Saturday, January 4, 2014

Turkish central bank's current predicament

Rising rates in the United States have sent shock waves across a number of emerging markets, particularly in nations with high current account deficits. At the top of the list of most vulnerable emerging economies in 2014 is Turkey. The country not only faces a large current account hole that it needs to plug but also tremendous political uncertainty - a combination of risks that can be devastating for an emerging economy. In fact the political situation has become quite precarious in recent weeks.
The Economist: - In the past two weeks a Turkish prosecutor has detained dozens of people as part of investigations into illicit gold transfers and bribes allegedly paid by the construction industry. The suspects include businessmen close to the ruling Justice and Development (AK) party, as well as officials, politicians and the sons of three cabinet ministers. The prime minister, Recep Tayyip Erdogan , combative at the best of times, reacted with fury—stoked by reports that one of his own sons was next on the list. He reshuffled his government to put loyalists in place, sought to gain control of police investigations, and got the prosecutor removed from the corruption case. His ministers justified all this with talk of a “soft coup”.
Turkish currency, the lira, has touched new lows in recent days, with the nation's bonds (see chart) and stocks (see story) punished as well.

USD/TRY (chart shows the US dollar strengthening against the lira; source: Tradingeconomics.com)

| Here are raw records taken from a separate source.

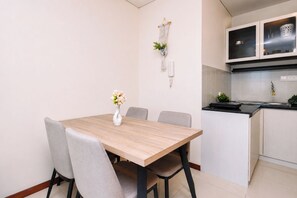 Une cuisine moderne avec un coin repas.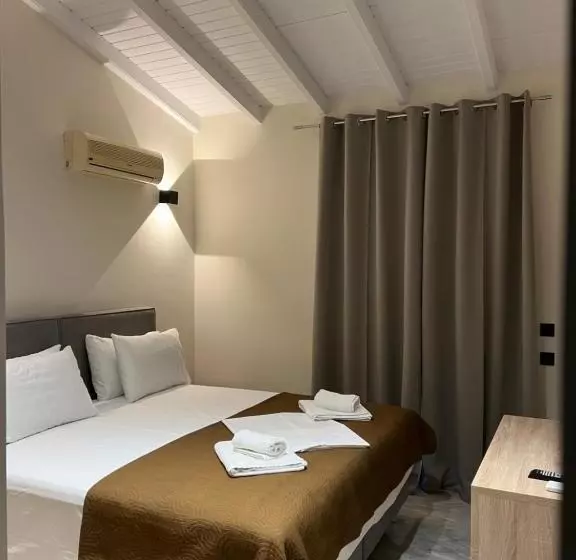 Отель Saint Spiridon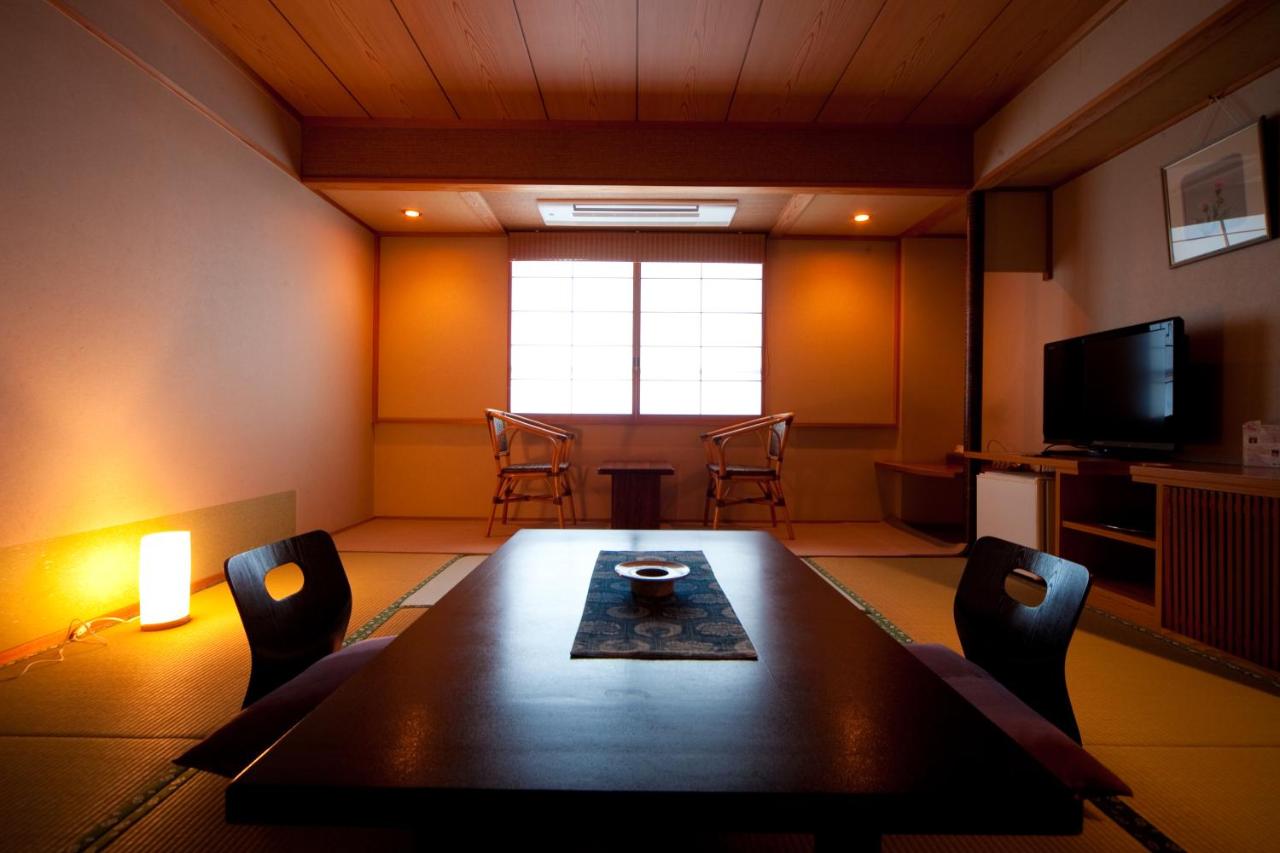 Standard Japanese-Style Room with Shared Bathroom - Main Building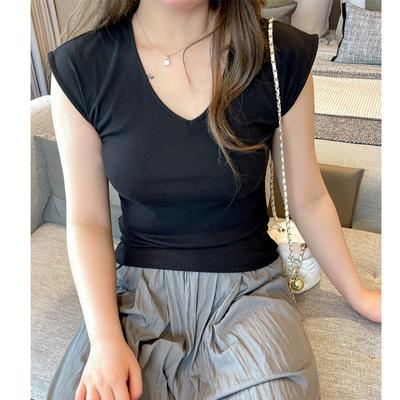New V-neck Right Shoulder T-shirt Large Size Short-sleeved Women's Inner Wear Fashionable Korean Top Threaded Sleeveless Bottoming Shirt Outer Wear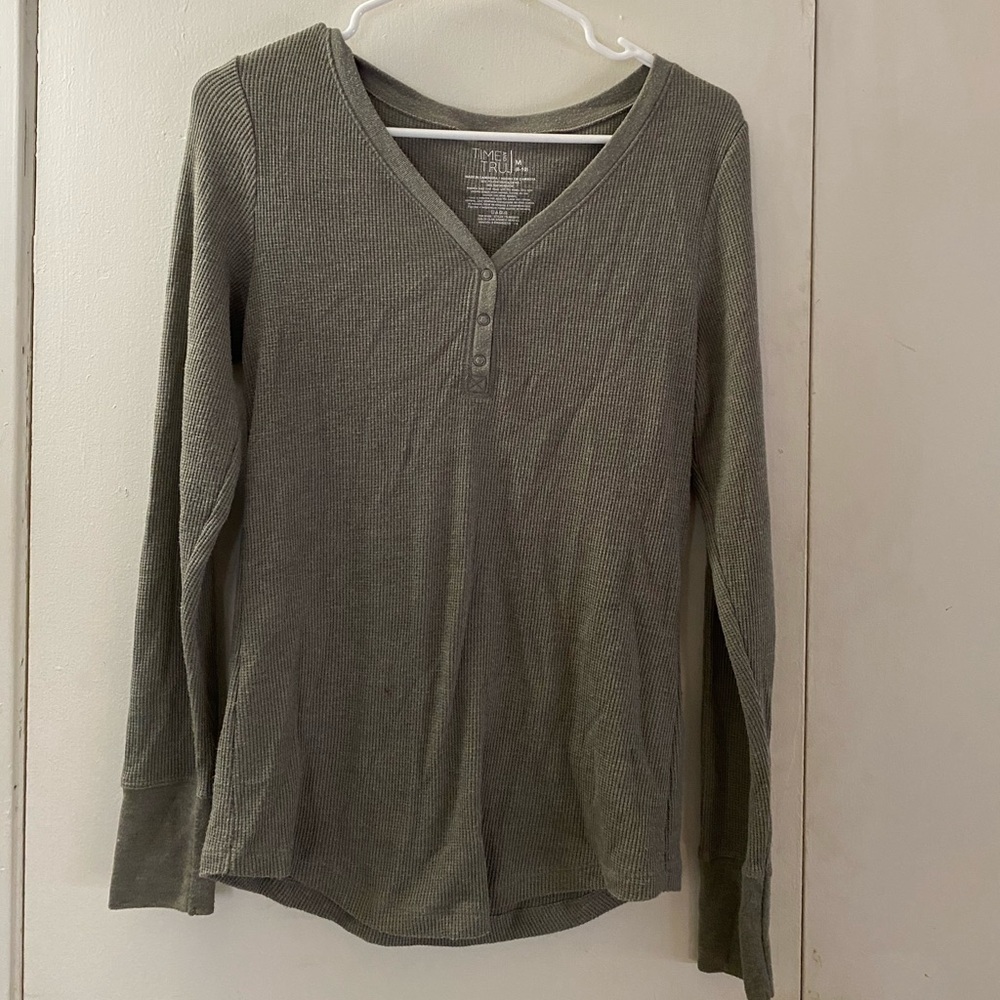 Long sleeve shirt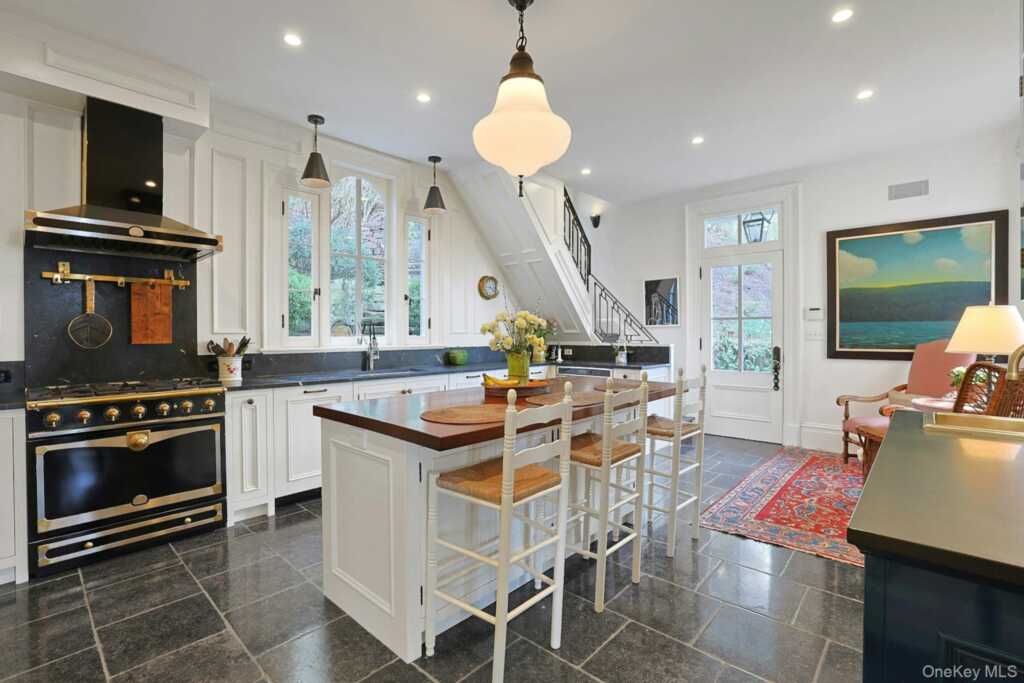 216-217 River Road, Nyack, NY 10960 - Photo 27 of 50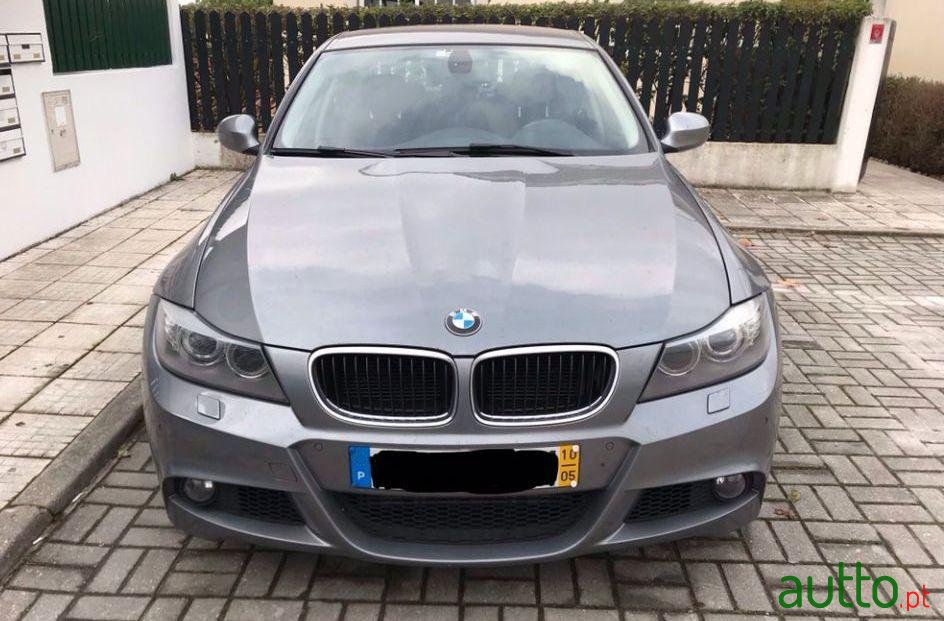 2010' BMW 320 Pack M 163Cv photo #1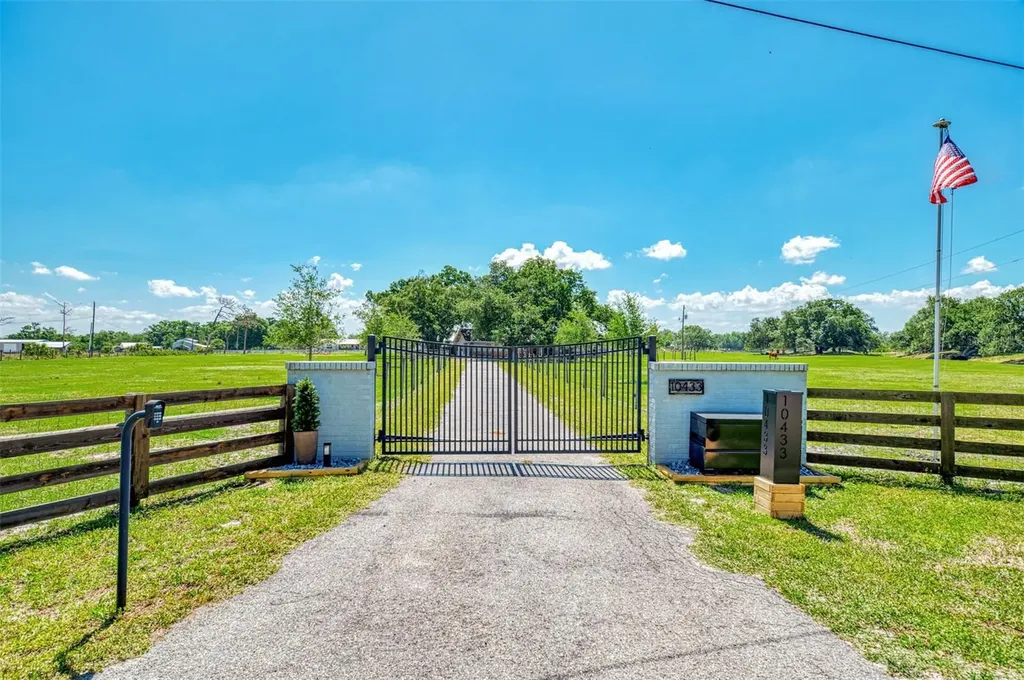 10433 SW Jernigan Street Arcadia FL 34269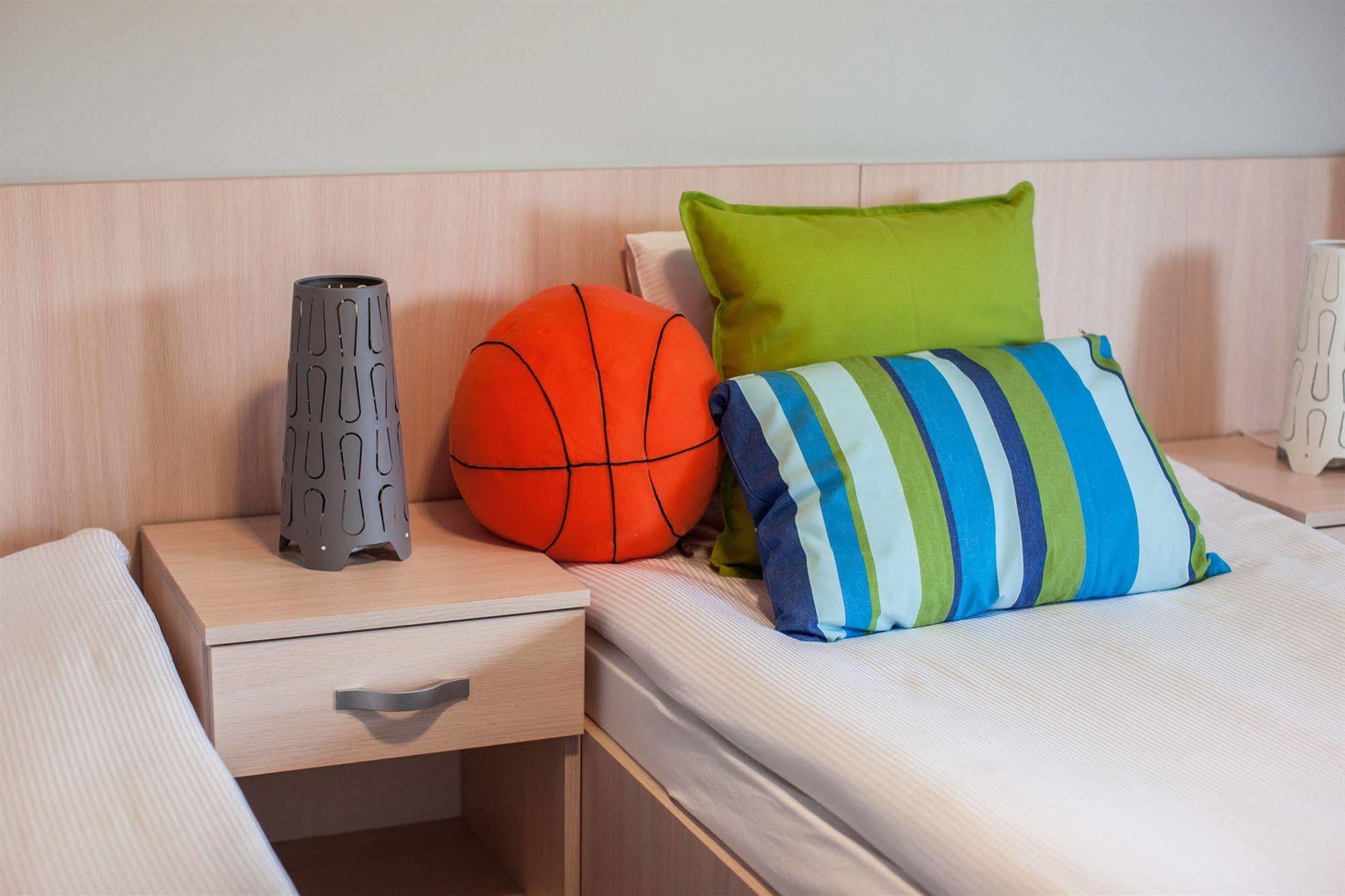 Hostel Rakietka Гданьск Экстерьер фото
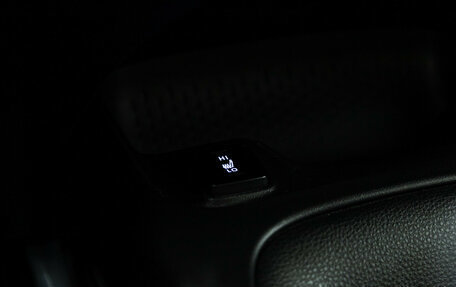 Toyota Corolla, 2019 год, 1 925 000 рублей, 16 фотография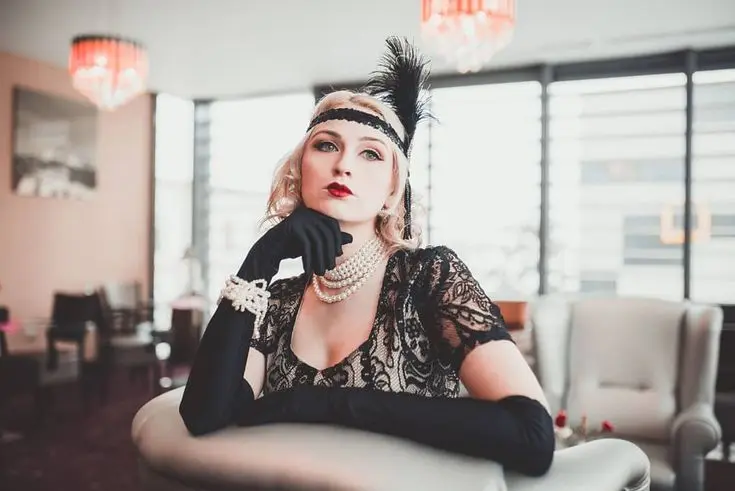 Women Great Gatsby Party Costume Accessories Set 1920s Flapper Accessories Feather Headband Gloves Cigarette Holder 3 Pack pirate costume women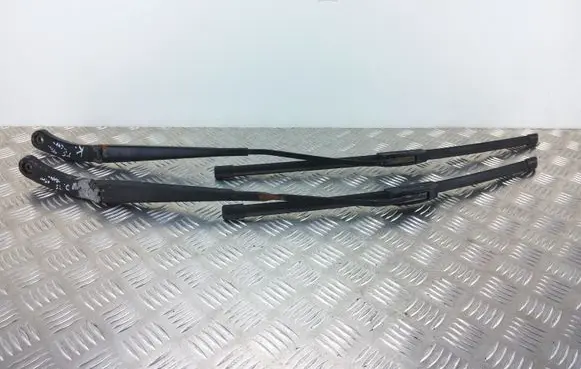 Front wiper blade arm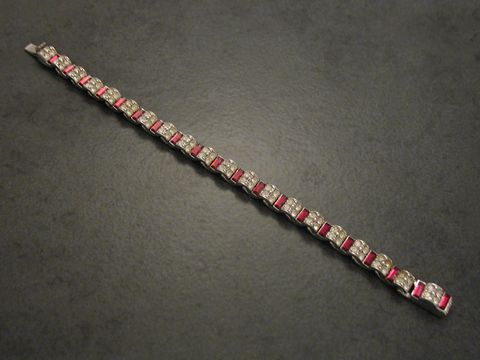 Strass Armband in rot, 17,5 cm, silberfarben, charmant, Hersteller: Juwelier Harnisch, geeignet für besondere Anlässe und stilvolles Tragen, perfekt als Geschenk oder eigene Bereicherung.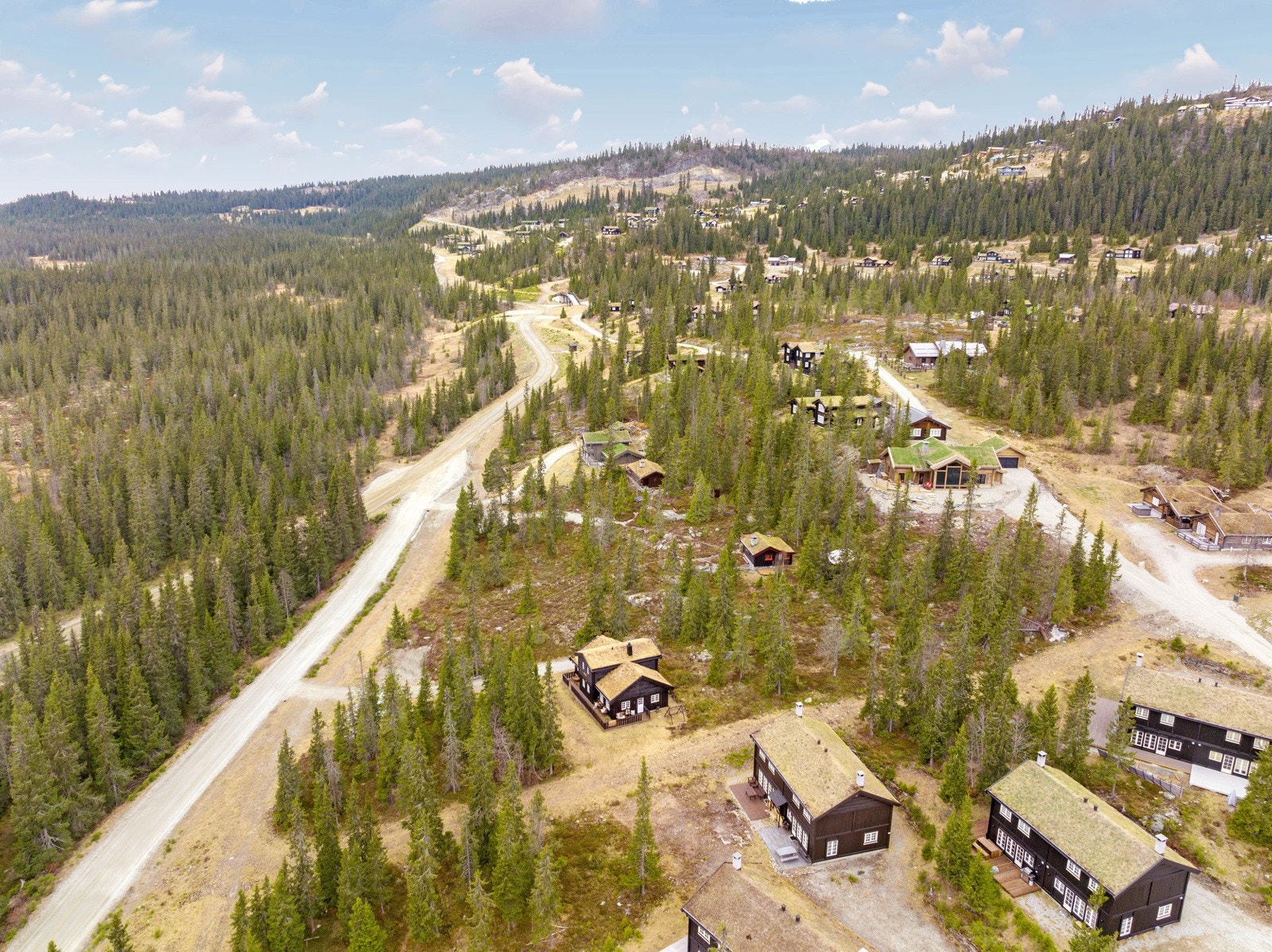 Eiendommen er midt i blinken for den som er glad i natur og friluftsliv! Galleribilde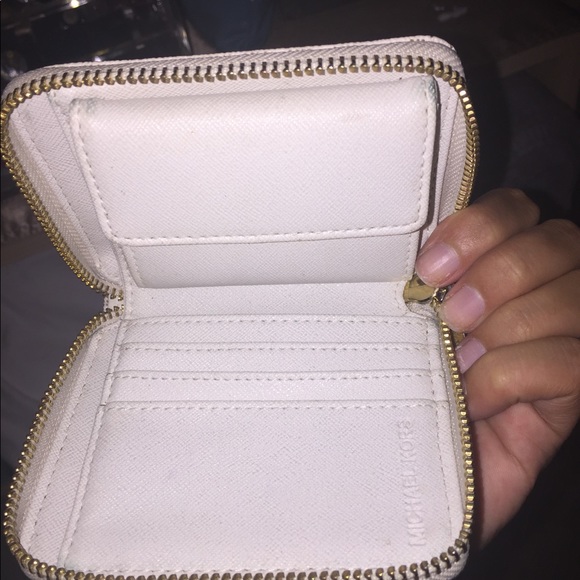 Michael Kors Bag - Picture 4 of 4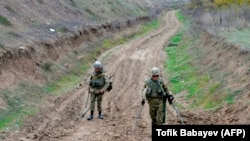 Ադրբեջանցի սակրավորներն ականներ են որոնում, արխիվ, 
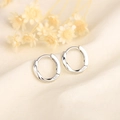 Pendientes de aro con diseño Mobius twist en plata de ley S925 acabado pulido - Estilo Torsión (HL-44)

It's a dangerous development because such currency weakness can and will ignite inflationary pressures that could quickly lead to further social unrest. Turkey's central bank (CBRT) has been trying to defend the lira using foreign reserves. But that strategy is quite limited in scope, as foreign assets started a sharp decline in recent weeks.

Source: GS

With foreign investment slowing due to political uncertainty, the only other option for the CBRT is to raise short-term rates to make it more expensive to short the lira. But in an environment of such political uncertainty the central bank is no longer independent. It is therefore difficult to envision the CBRT raising rates sufficiently to stem the lira's decline. Doing something as unpopular as a major interest rate hike in an economy that is barely growing could quickly end careers (or worse) for the decision makers at CBRT.

It is therefore quite likely that the Turkish lira will continue its slide in 2014 and beyond. Sadly, with that decline will come higher consumer prices, more pain for Turkish companies who borrowed in foreign currency (see story), more social unrest, and more political uncertainty.